Landlords and condominium boards frequently have to sue tenants and unit owners who fail to pay their rent or common charges in a timely manner. This is an unfortunate fact of life in the real estate world. In these situations, courts have typically been very stingy when awarding late fees or legal fees to the landlord or condominium board even though the language in the lease or by-laws the lawsuit is predicated upon requires the delinquent tenant or unit owner to pay late fees and reimburse the landlord or condominium board for the legal fees incurred commencing and adjudicating the lawsuit.
In these types of lawsuits, the delinquent tenant or unit owner often pays all base rent or common charges owed just prior to eviction or foreclosure, and then the presiding judge typically strongly encourages the parties to settle and asks the landlord or condominium board to waive late fees and to accept less than half the legal fees owed. In these situations, if the landlord or condominium board refuses to settle, the judge may end up awarding much less than half of the late fees and legal fees. This is not a fair result for the landlord or condominium board because it basically results in an interest free loan to the delinquent tenant or unit owner and encourages untimely payment and litigation.

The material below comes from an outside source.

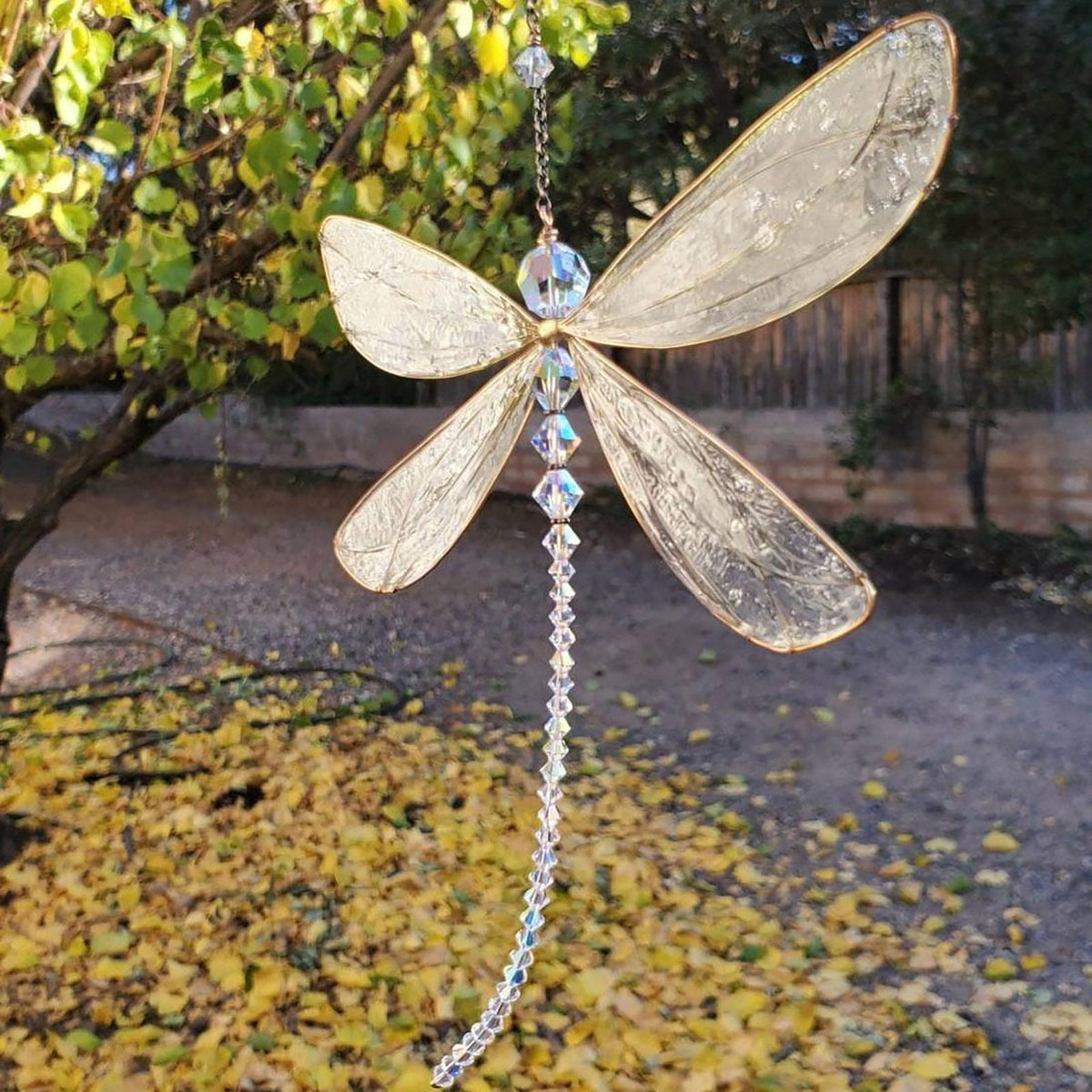Stevvex dragonfly wind chime sun catcher with gold-trimmed clear crystal wings and prism beads on Tampa Home & Garden Store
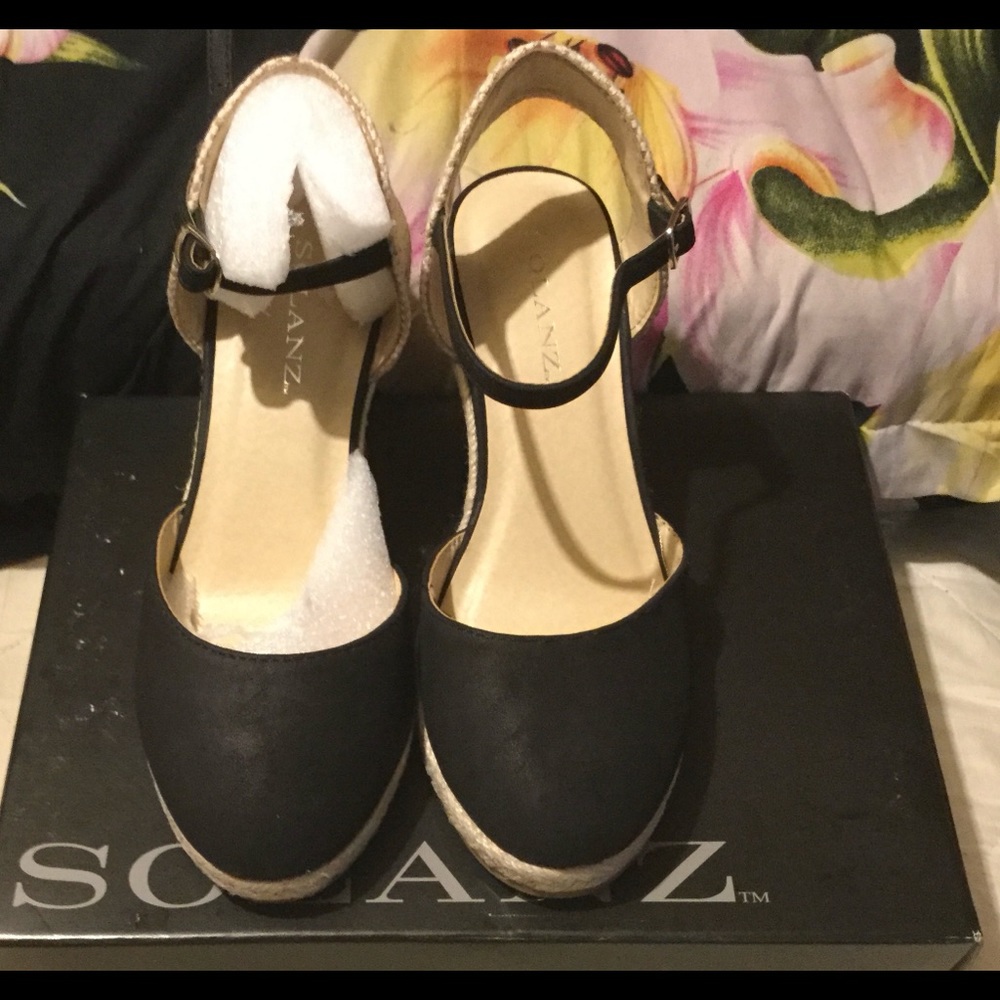 Black espadrille wedges.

In 2016 (technically December 15, 2015), this office won an appeal that appears to be a game changing decision for condominium boards dealing with this issue. (Sorry, the decision only applies to condominiums boards not landlords.) In the case Board of Managers of One Strivers Row Condominium v. Giwa, 134 A.D.3d 514 (1st Dept. 2016), the Appellate Division, First Department ruled that payment of common charges by a delinquent unit owner after a condominium board has commenced legal action against such owner is an admission of liability, which entitles the condominium board to collect late fees and legal fees under such circumstances. Specifically, the court determined that $42,037.32 in late fees and legal fees was “supported by the record and is not unreasonable.” This is a departure from prior case law where typically courts have only awarded a clear winner legal fees at the bitter end of a knock-down, drag-out lawsuit. In the Board of Managers of One Strivers Row Condominium case, the appellate court is stating clearly that the fact that the condominium board even had to commence litigation to collect payment was a sufficient basis to entitle the condominium board to the recovery of late fees and legal fees.

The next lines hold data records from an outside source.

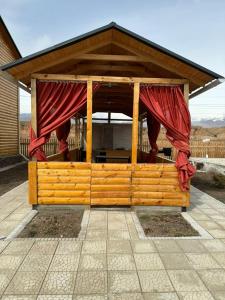 博斯特里WooD_House_Issyk-Kul的木制凉亭,上面有红色窗帘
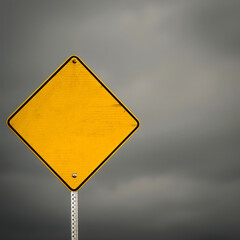 blank yellow road sign infront of gray cloudy sky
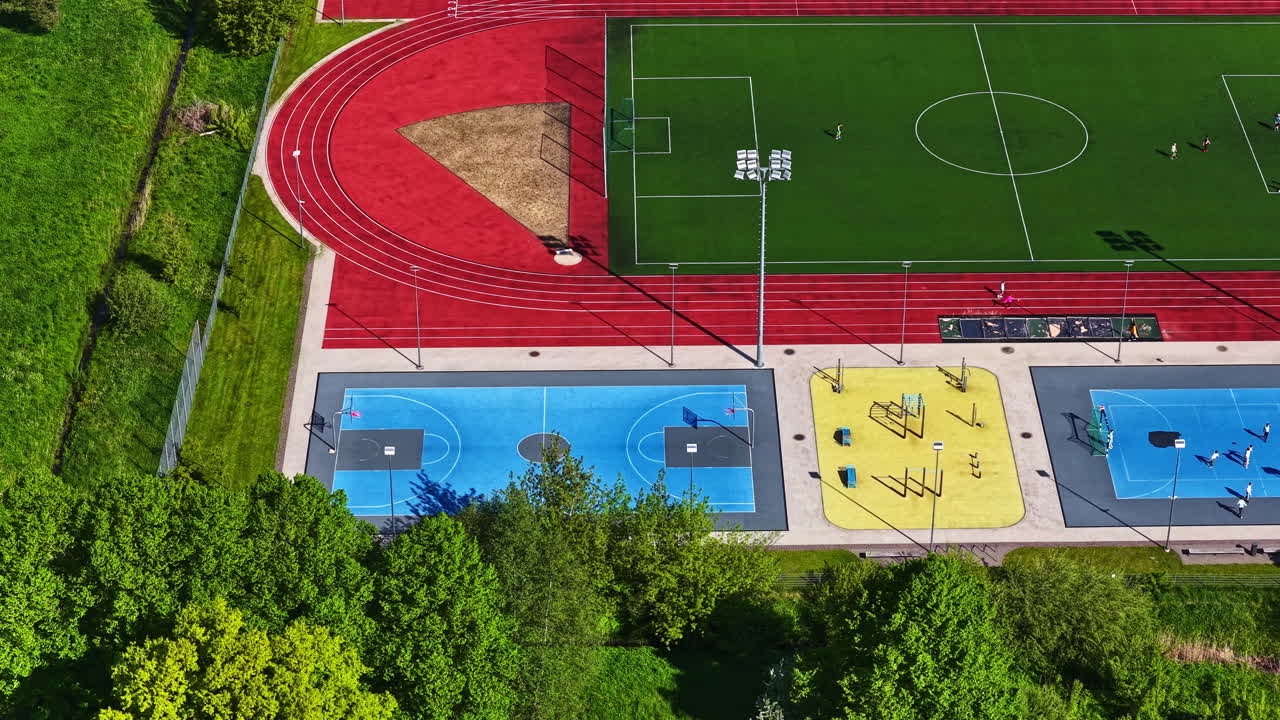 Colorful sports complex with soccer field, tracks, courts and gym area, aerial view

In sum, the new precedent established by this appellate court decision should save condominium boards and their associations thousands of dollars by forcing unit owners to pay on time or suffer the consequences of having to pay the condominium board late fees and legal fees if a lawsuit is commenced. If a lower court tries to force settlement on these items, there is now a binding appellant precedent, which holds that these items must be paid by the delinquent owner.